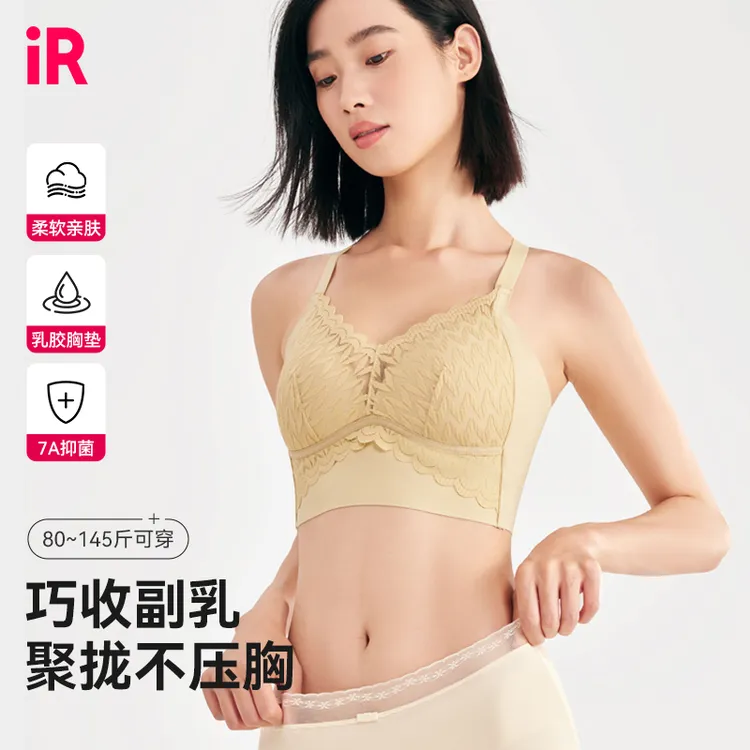 IR空气美背无痕内衣7A抑菌琥珀流光风性感爆款推荐文胸罩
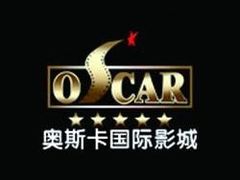 -奥斯卡国际影城(杜比全景声&4D激光店)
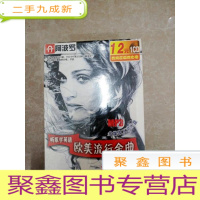 正 九成新HI1002387 阿波罗系列软件 听歌学英语 欧美流行金曲(纯光盘)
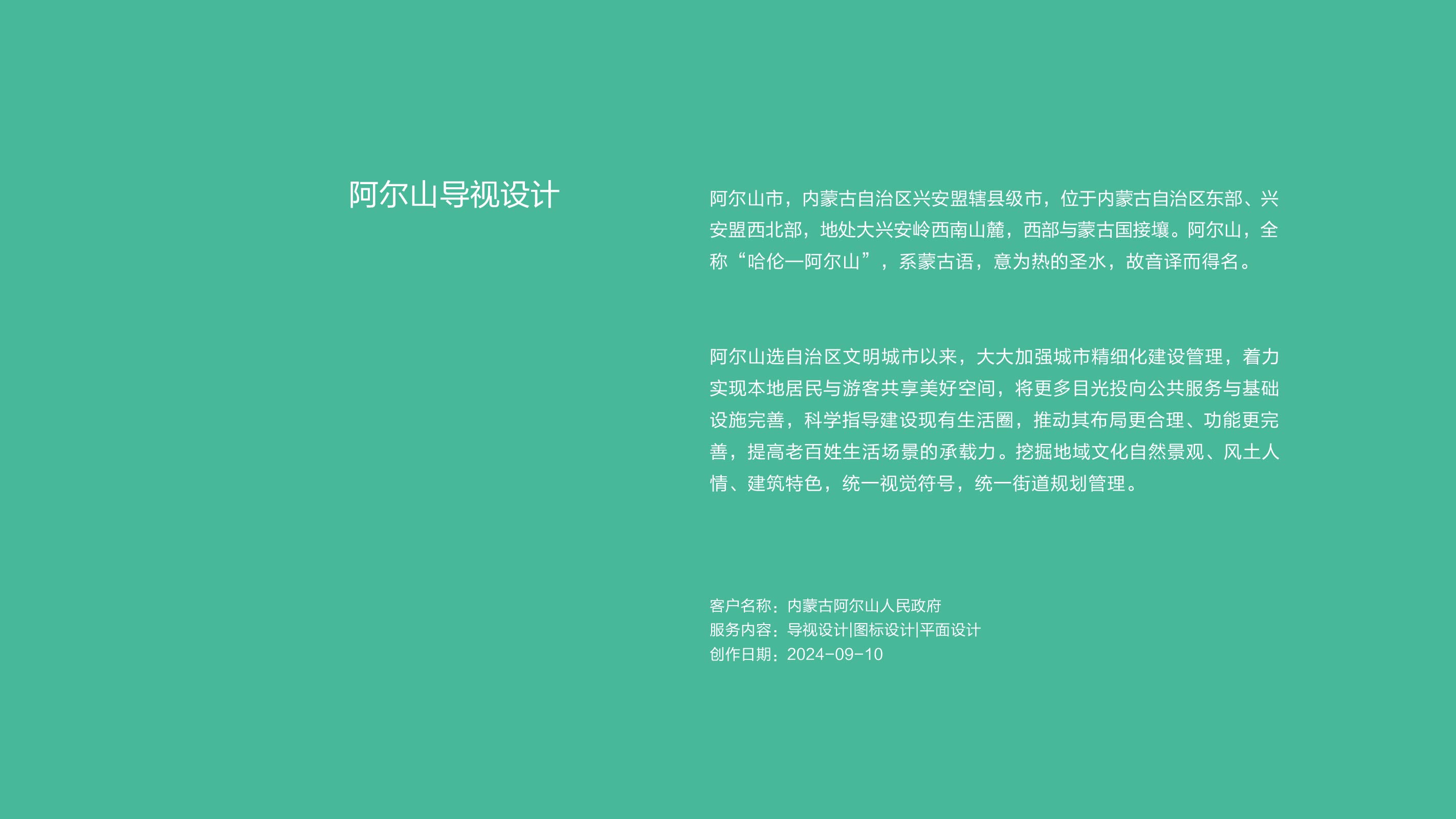 作品集——阿尔山导视设计_画板 1.jpg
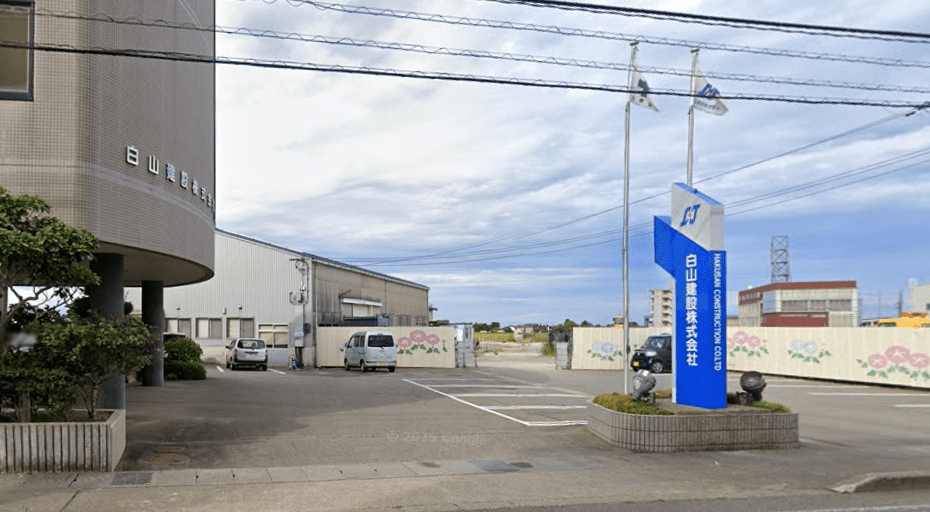 はくさん緑化工業（株） 白山市営業所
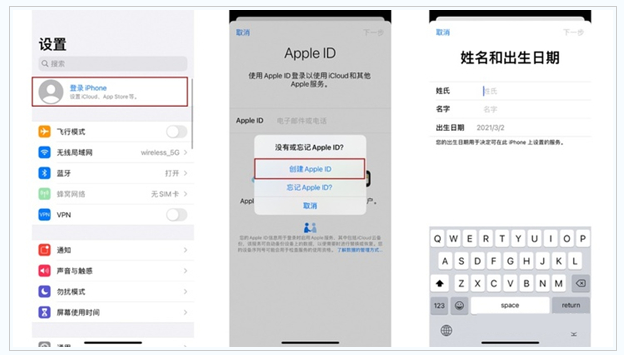 玉溪苹果维修网点分享:Apple ID有什么用?新手如何注册iPhone14 ID? 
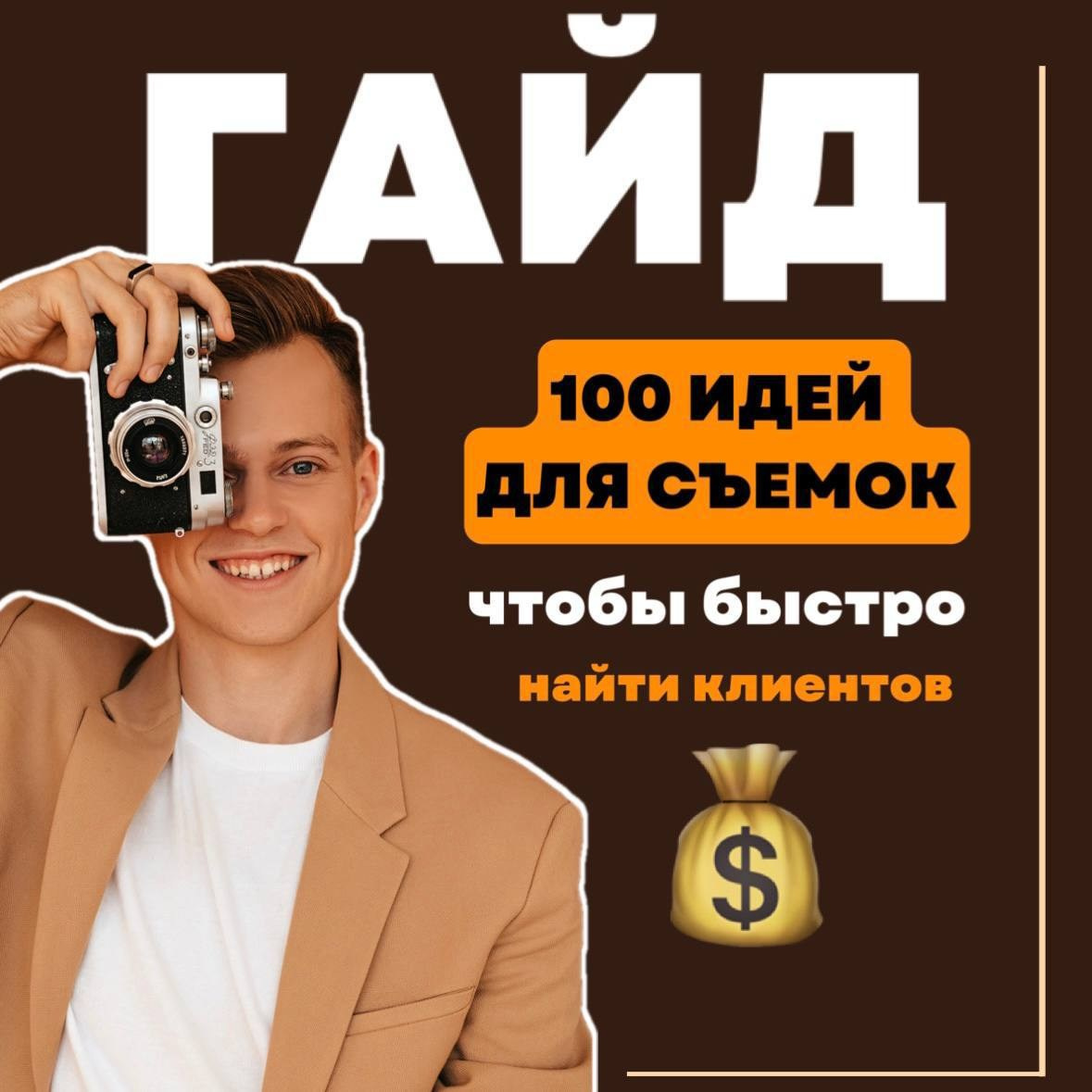 МАГАЗИН УРОКИ ДЛЯ ФОТОГРАФОВ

**Your objective:** Word for word, return the material, omitting the pictures.

**Solution to the exercise:**
 IR空气美背无痕内衣7A抑菌琥珀流光风性感爆款推荐文胸罩
 -奥斯卡国际影城(杜比全景声&4D激光店)
 正 九成新HI1002387 阿波罗系列软件 听歌学英语 欧美流行金曲(纯光盘)
 作品集——阿尔山导视设计_画板 1.jpg
 はくさん緑化工業（株） 白山市営業所
 玉溪苹果维修网点分享:Apple ID有什么用?新手如何注册iPhone14 ID? 
 МАГАЗИН УРОКИ ДЛЯ ФОТОГРАФОВ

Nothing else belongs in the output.